MSSTYLES is a Microsoft file format, that contains the bitmaps and metadata for the Windows XP skinning engine, first introduced in Windows Whistler Build 2250.

The engine, in its unmodified state, only fully applies .msstyles files that have been digitally signed by Microsoft, such as Luna or the Zune theme. The default Windows XP style is known as Luna, but additional custom-made styles are available on the Internethowever, few are digitally signed. Four other signed styles for Windows XP include Royale (Media Center Edition) (Energy Blue), Royale Noir, Windows Embedded Standard CTP Refresh, and the Zune Style.

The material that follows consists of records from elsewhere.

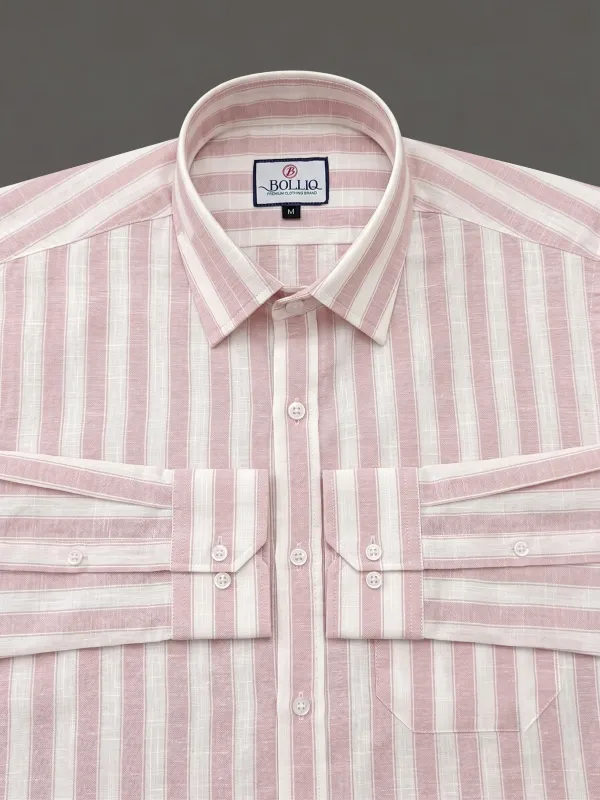 BOLLIQ_Premium_Blush_Pink_Stripe_Cotton_Linen_Shirt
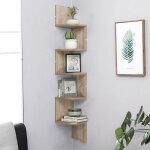 Tag�re d'angle murale � 5 �tages porte - objets en bois �tag�re de salon studio cuisine chambre � coucher ...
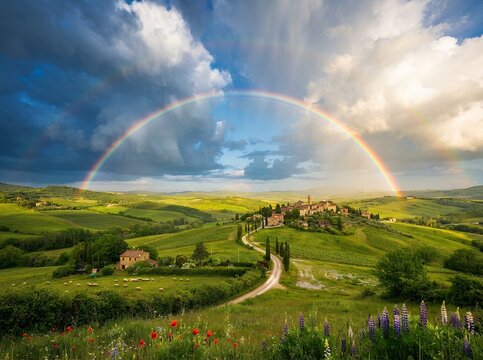 Vibrant Rainbow Arching Over Tuscan Village Rolling Hills Landscape.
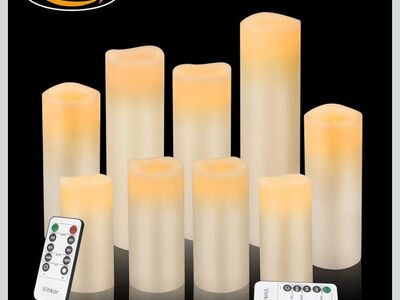New 9 Pack of Real Wax Flameless Candles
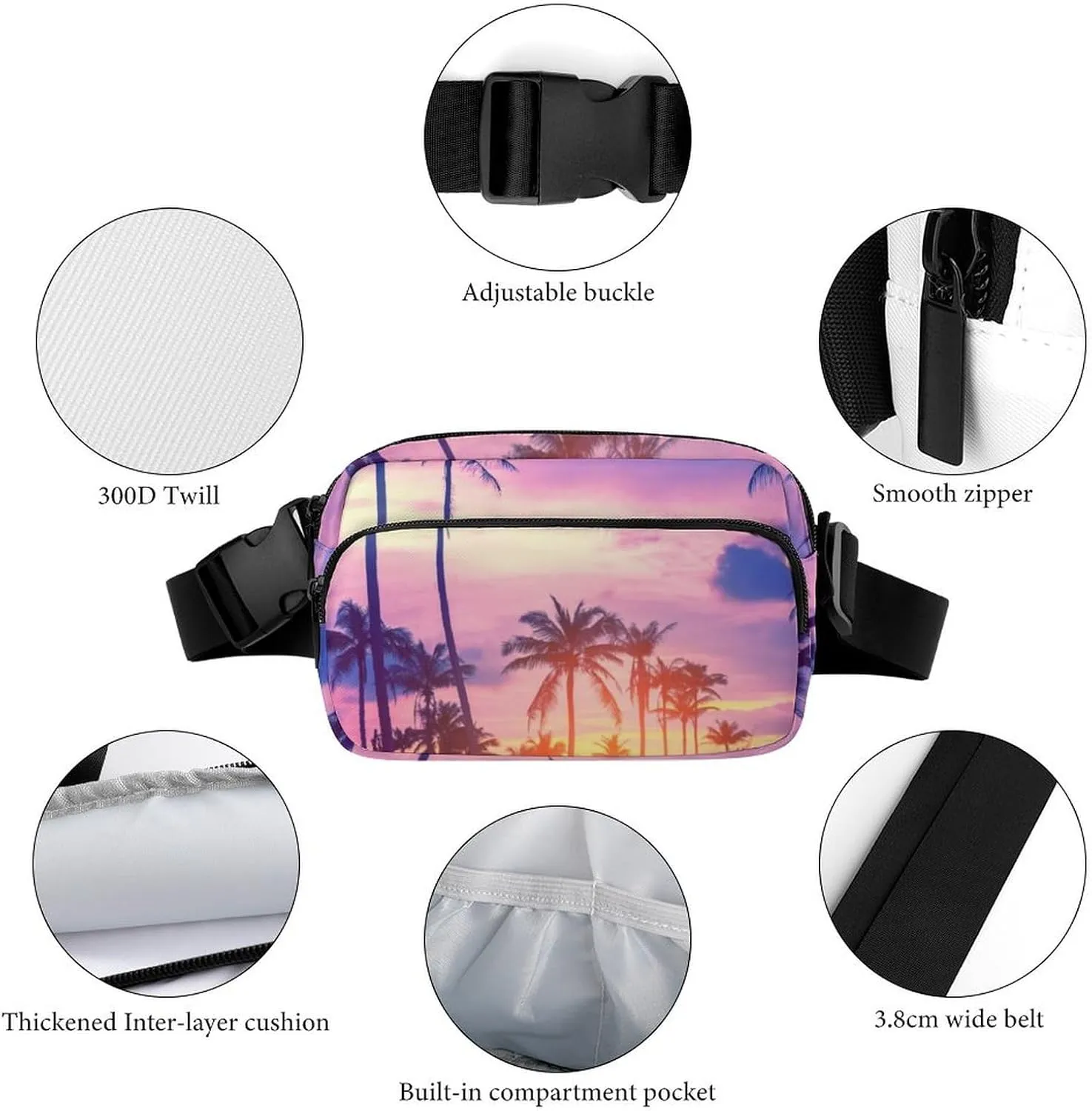 Fanny Pack for Women Men Tropical Palm Trees Belt Bag Sunset Sky Waist Pack Bum Bag for Running Cycling Hiking Travel Workout with Adjustable Strap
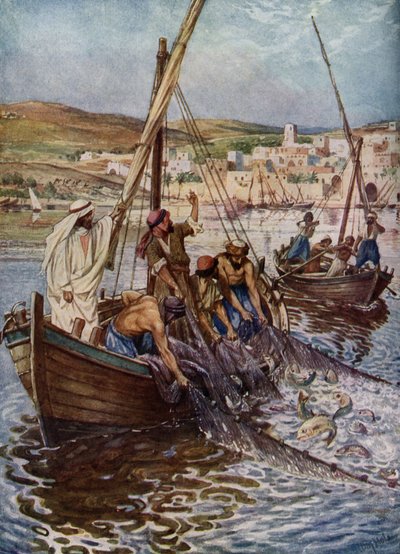Four Fishermen are Called as Disciples - Bible by William Brassey Hole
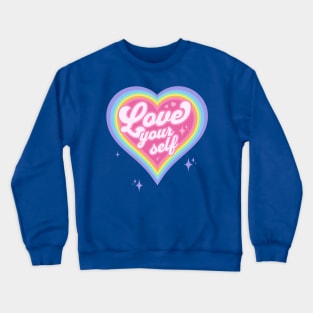 Love Your Self - Anti Valentine's Day Retro 90's Rainbow Heart Crewneck Sweatshirt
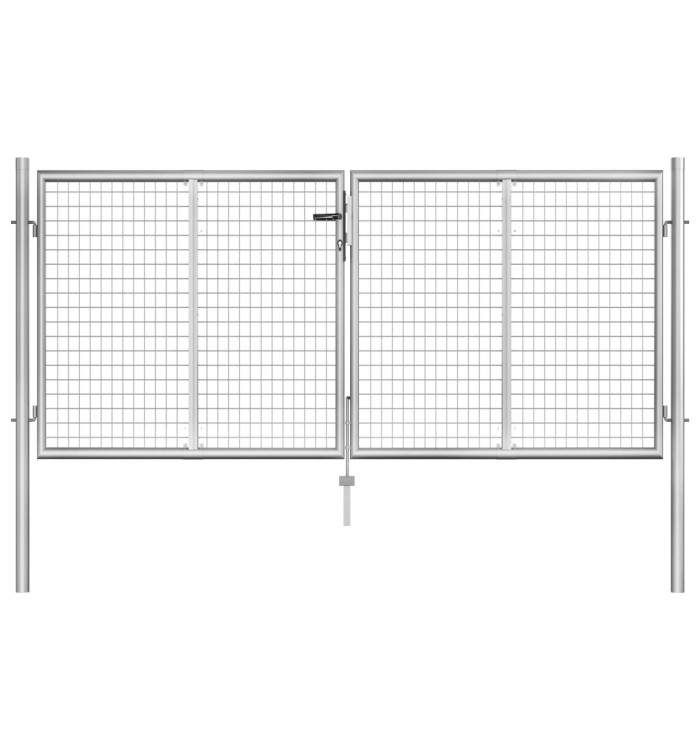Porte de jardin Acier galvanisé 306x150 cm Argenté | Mobilier & Déco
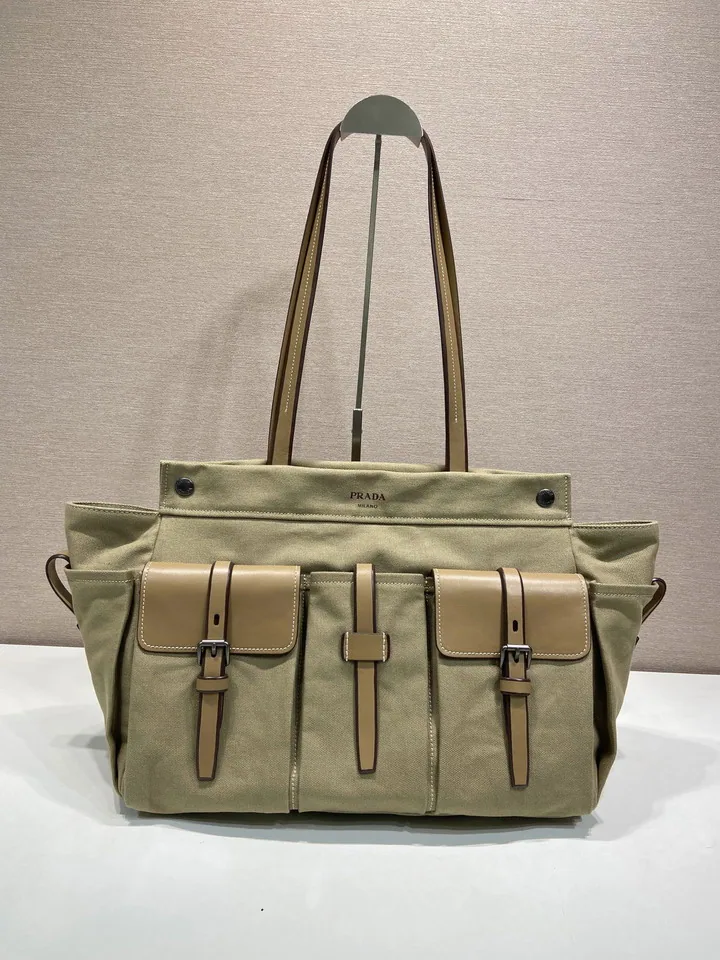 Prada 2VG139 Olive Pocket Tote, catalog view 1, 2VG139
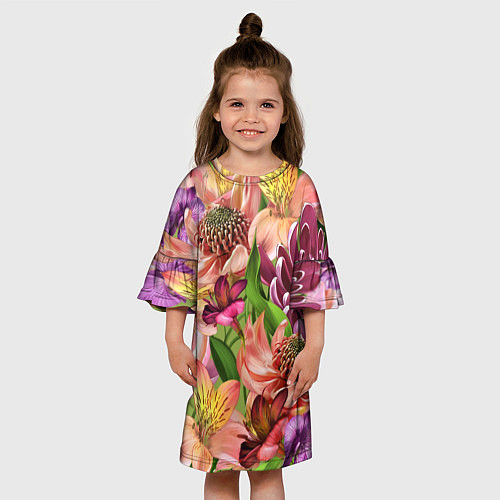 Детское платье Райские цветы / 3D-принт – фото 3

Unsigned styles can be used via various methods, by means of manually patching or replacing system files or automatically by one of the programs made for this purpose. These programs are usually called "UxTheme patchers" from the name of the XP library that required patching, UxTheme.dll, despite that recent Windows versions require patches to different files. Many popular and freely distributed patchers can be found online, often using different ways to enable custom themes.

Windows Vista and later also use .msstyles files for skinning (like the Aero.msstyles file), however the format of these files is significantly different, so .msstyles files are not transferable between Windows Vista and Windows XP.  This version of .msstyles file contains PNG images and metadata.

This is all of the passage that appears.